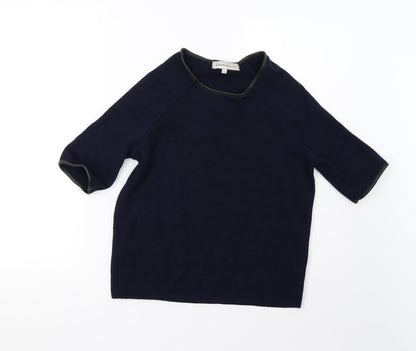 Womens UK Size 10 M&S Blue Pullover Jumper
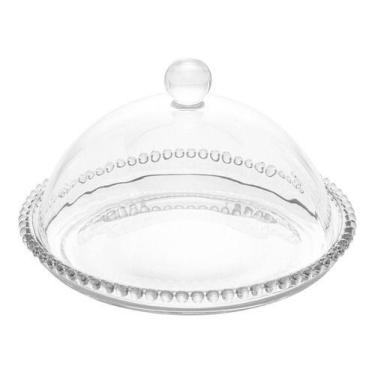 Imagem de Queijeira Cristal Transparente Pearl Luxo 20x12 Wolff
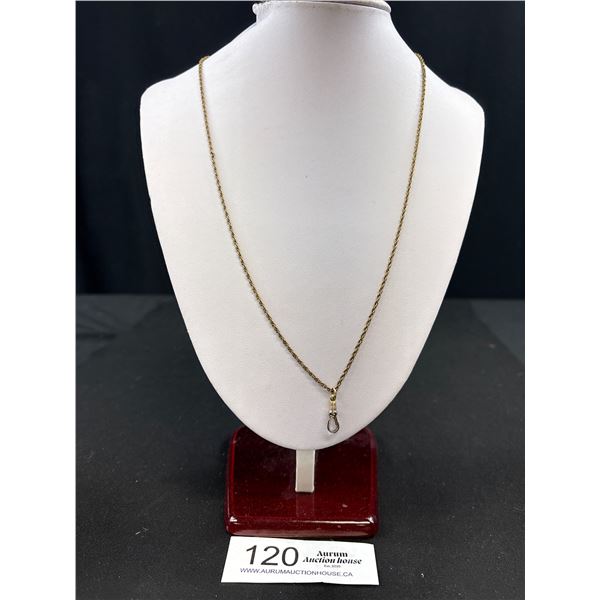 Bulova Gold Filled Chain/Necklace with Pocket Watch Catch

▸ Exercise prompt
Retype everything in the material word for word, minus pictures.

▸ Written solution
 Womens UK Size 10 M&S Blue Pullover Jumper
 Imagem de Queijeira Cristal Transparente Pearl Luxo 20x12 Wolff
 Bulova Gold Filled Chain/Necklace with Pocket Watch Catch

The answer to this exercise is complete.